Why should we think that colleges and universities with a distinctive religious identity are anything but a dying breed? The question was dramatized by an influential book, The Soul of the American University: From Protestant Establishment to Established Nonbelief (Oxford, 1994), by historian George Marsden. Marsden retells the story of how Harvard, Princeton, Stanford, Duke, Boston University, and hundreds of other colleges and universities abandoned the Protestant Christian character of their early years and became the largely nonsectarian institutions that we know today. It is a fascinating story, which many readers took as grim warning that the remaining religiously affiliated institutions would not resist the same forces. See reviews of Marsden's book by J. A. Appleyard , S.J., Stanley Hauerwas, and Alan Wolfe.

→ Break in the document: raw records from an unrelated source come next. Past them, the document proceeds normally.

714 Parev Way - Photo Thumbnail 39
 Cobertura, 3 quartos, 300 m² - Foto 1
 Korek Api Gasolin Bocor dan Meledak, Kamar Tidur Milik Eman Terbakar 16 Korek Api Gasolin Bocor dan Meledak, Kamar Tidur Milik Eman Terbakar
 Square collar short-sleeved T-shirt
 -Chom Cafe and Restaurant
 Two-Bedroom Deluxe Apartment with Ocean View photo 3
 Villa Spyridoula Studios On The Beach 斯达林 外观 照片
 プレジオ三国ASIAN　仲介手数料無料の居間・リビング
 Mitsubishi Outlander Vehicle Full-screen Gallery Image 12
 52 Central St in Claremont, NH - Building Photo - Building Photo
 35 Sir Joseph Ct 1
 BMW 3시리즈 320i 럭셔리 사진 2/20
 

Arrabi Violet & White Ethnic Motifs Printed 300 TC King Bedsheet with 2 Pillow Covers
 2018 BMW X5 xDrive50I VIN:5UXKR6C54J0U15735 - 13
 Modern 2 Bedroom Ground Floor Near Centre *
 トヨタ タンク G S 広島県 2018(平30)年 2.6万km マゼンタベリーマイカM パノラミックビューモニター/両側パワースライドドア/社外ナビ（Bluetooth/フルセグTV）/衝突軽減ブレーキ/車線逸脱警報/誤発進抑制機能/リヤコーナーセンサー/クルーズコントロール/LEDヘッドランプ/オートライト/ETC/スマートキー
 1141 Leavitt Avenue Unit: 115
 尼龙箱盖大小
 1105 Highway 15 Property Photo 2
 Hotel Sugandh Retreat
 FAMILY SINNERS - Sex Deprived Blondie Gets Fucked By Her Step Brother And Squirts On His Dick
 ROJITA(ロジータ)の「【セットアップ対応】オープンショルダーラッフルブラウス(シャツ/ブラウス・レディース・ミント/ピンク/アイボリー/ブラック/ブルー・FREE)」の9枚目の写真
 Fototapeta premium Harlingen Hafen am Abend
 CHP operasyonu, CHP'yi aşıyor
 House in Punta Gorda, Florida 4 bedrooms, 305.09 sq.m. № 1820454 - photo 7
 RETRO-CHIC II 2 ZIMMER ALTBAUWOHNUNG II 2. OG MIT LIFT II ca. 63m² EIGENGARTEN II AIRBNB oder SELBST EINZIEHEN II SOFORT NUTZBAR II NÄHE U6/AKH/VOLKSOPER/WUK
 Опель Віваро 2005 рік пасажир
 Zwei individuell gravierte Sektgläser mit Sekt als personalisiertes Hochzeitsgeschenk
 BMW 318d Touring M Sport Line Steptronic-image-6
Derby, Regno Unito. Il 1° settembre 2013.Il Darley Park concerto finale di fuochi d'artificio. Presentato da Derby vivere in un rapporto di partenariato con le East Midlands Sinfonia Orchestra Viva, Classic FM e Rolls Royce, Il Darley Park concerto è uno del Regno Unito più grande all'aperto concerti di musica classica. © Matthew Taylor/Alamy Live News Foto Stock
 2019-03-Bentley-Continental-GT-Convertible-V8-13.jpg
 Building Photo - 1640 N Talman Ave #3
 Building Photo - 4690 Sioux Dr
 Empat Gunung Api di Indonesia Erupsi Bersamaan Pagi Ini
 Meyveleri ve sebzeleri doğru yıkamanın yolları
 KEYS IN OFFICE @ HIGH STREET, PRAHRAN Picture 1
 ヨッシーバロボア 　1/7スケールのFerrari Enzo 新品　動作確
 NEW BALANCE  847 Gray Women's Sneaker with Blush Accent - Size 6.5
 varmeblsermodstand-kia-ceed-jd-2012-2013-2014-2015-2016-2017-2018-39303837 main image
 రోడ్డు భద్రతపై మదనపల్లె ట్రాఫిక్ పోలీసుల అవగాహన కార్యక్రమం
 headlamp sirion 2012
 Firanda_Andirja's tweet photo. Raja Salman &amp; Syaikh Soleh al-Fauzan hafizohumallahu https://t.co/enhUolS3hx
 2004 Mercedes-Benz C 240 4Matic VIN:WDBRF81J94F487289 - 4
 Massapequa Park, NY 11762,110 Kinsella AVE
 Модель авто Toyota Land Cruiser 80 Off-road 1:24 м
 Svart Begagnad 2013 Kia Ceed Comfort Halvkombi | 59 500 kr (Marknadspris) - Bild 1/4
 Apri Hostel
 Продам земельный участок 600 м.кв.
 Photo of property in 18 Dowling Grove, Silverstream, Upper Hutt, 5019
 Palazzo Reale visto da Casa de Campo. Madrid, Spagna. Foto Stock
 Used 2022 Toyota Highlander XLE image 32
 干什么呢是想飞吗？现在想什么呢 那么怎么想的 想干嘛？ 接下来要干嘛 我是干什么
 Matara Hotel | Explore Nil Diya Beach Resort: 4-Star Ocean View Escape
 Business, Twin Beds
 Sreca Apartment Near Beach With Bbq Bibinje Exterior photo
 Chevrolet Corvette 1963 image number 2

For the most part American Catholic colleges and universities stayed apart from the academic mainstream until after World War II, so it was a plausible question whether Marsden's thesis applied to the world of Catholic higher education. Marsden himself wrote an interesting article in which he reflected on the lessons that Catholic colleges and universities might learn from his study, "What Can Catholic Universities Learn from Protestant Examples?" (in The Challenge and Promise of a Catholic University, University of Notre Dame Press, 1994).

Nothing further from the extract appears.